Data provided:
------------------------------

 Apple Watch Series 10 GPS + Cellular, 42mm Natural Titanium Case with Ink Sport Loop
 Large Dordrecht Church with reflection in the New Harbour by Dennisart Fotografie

------------------------------

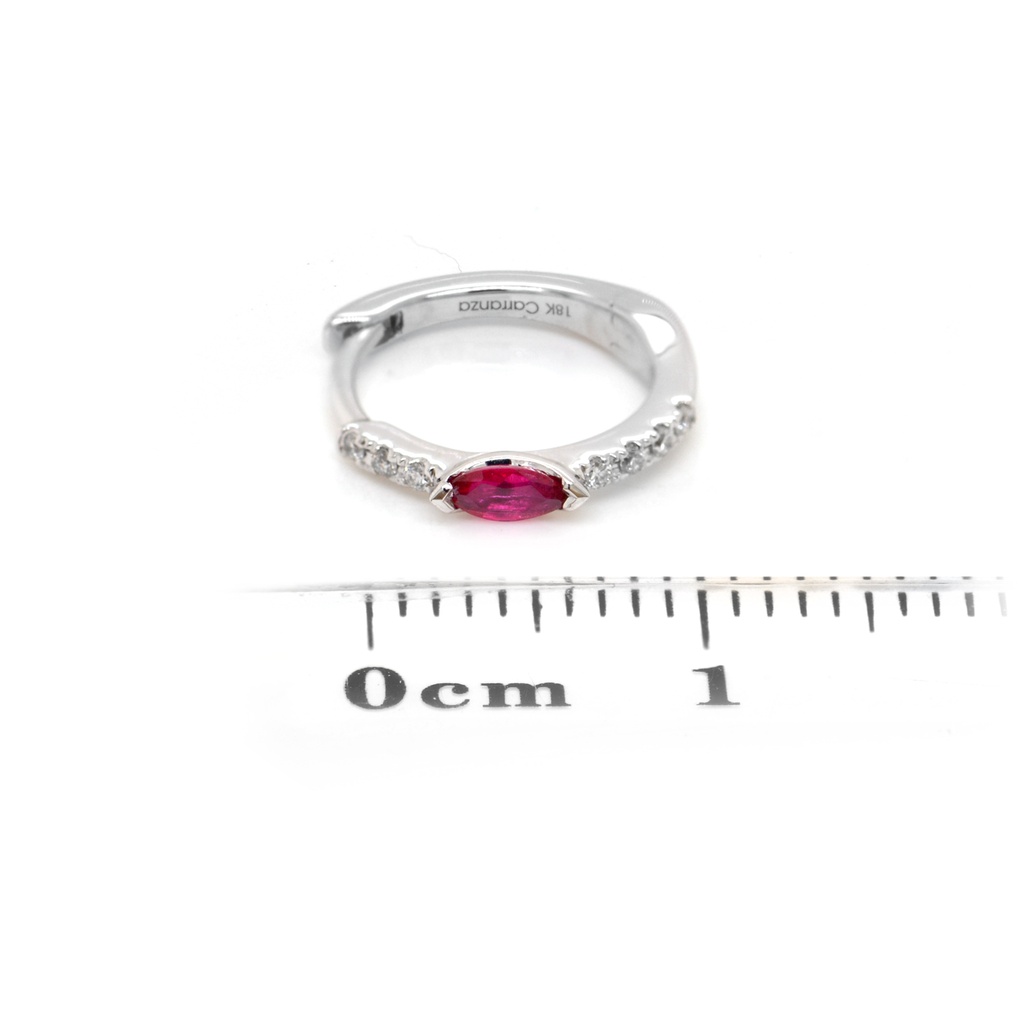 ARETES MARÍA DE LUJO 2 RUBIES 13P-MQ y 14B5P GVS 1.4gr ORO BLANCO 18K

------------------------------

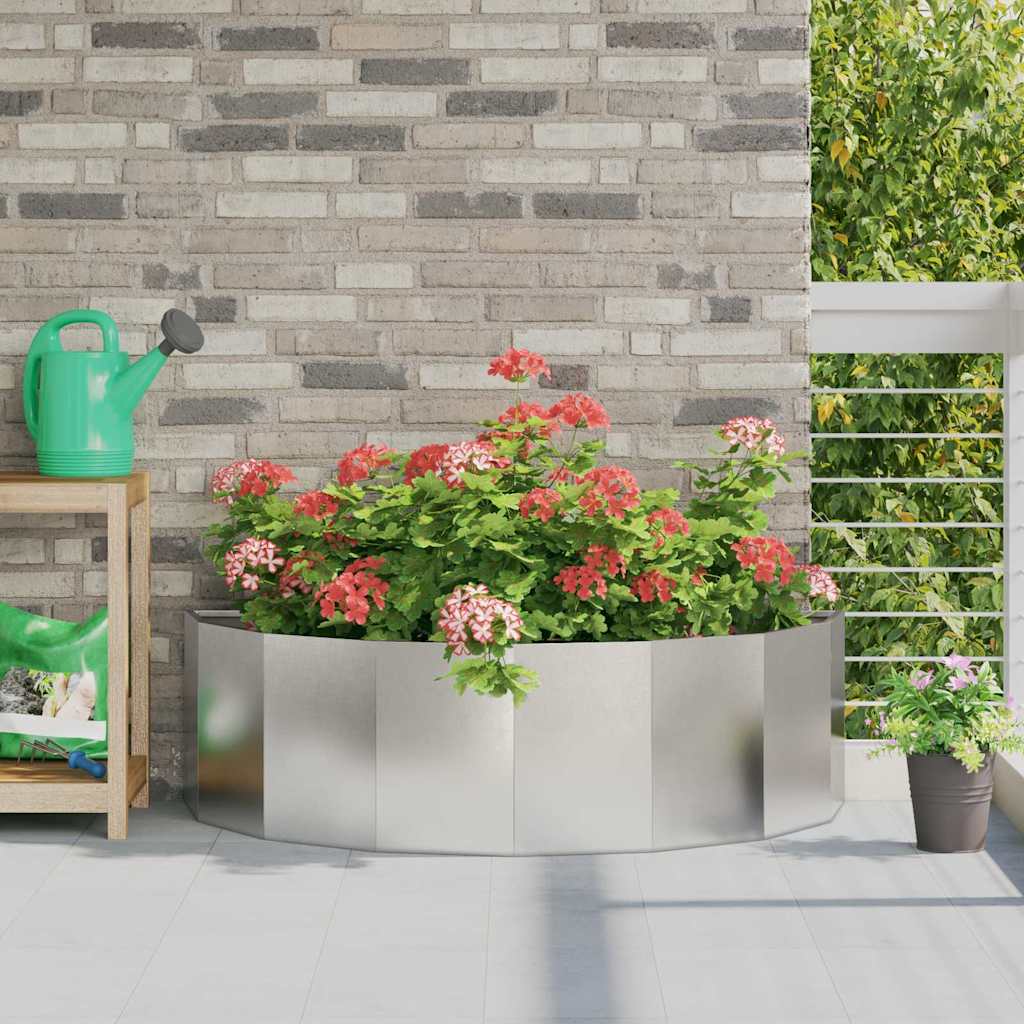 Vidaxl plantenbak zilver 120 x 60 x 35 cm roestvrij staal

------------------------------

Exercise objective:
Retype, exactly and in full, the lines above from the one containing "Apple Watch Series" through the one containing "Large Dordrecht Church".

Exercise result:
 Apple Watch Series 10 GPS + Cellular, 42mm Natural Titanium Case with Ink Sport Loop
 Large Dordrecht Church with reflection in the New Harbour by Dennisart Fotografie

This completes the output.